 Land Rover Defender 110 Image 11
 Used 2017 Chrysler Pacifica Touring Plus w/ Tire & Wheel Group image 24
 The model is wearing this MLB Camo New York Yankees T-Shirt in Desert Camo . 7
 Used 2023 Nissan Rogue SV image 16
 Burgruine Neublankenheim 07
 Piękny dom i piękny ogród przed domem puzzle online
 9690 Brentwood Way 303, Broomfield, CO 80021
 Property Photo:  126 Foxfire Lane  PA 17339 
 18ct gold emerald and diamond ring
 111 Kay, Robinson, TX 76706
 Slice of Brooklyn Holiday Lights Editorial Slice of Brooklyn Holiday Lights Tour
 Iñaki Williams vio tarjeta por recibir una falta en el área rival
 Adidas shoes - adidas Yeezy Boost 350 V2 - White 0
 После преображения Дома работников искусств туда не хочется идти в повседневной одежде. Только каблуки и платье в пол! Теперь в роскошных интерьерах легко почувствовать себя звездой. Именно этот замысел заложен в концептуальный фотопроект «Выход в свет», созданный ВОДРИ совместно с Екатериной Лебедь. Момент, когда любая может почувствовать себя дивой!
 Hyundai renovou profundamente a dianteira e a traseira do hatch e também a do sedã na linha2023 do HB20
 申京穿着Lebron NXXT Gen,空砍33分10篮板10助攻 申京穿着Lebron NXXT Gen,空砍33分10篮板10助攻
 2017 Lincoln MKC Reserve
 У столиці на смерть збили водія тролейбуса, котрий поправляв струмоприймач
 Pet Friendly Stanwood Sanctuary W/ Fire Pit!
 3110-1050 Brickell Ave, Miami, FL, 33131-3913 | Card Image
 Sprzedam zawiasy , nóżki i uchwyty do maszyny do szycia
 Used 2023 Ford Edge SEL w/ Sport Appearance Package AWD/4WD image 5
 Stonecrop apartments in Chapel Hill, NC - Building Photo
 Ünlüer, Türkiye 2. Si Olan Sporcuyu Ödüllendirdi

════

▸ **Work to be completed**: Set down exactly the lines of the data above, beginning with the line that has "Piękny dom i" and ending with the line that has "У столиці на", and no others.

▸ **Finished exercise**:
 Piękny dom i piękny ogród przed domem puzzle online
 9690 Brentwood Way 303, Broomfield, CO 80021
 Property Photo:  126 Foxfire Lane  PA 17339 
 18ct gold emerald and diamond ring
 111 Kay, Robinson, TX 76706
 Slice of Brooklyn Holiday Lights Editorial Slice of Brooklyn Holiday Lights Tour
 Iñaki Williams vio tarjeta por recibir una falta en el área rival
 Adidas shoes - adidas Yeezy Boost 350 V2 - White 0
 После преображения Дома работников искусств туда не хочется идти в повседневной одежде. Только каблуки и платье в пол! Теперь в роскошных интерьерах легко почувствовать себя звездой. Именно этот замысел заложен в концептуальный фотопроект «Выход в свет», созданный ВОДРИ совместно с Екатериной Лебедь. Момент, когда любая может почувствовать себя дивой!
 Hyundai renovou profundamente a dianteira e a traseira do hatch e também a do sedã na linha2023 do HB20
 申京穿着Lebron NXXT Gen,空砍33分10篮板10助攻 申京穿着Lebron NXXT Gen,空砍33分10篮板10助攻
 2017 Lincoln MKC Reserve
 У столиці на смерть збили водія тролейбуса, котрий поправляв струмоприймач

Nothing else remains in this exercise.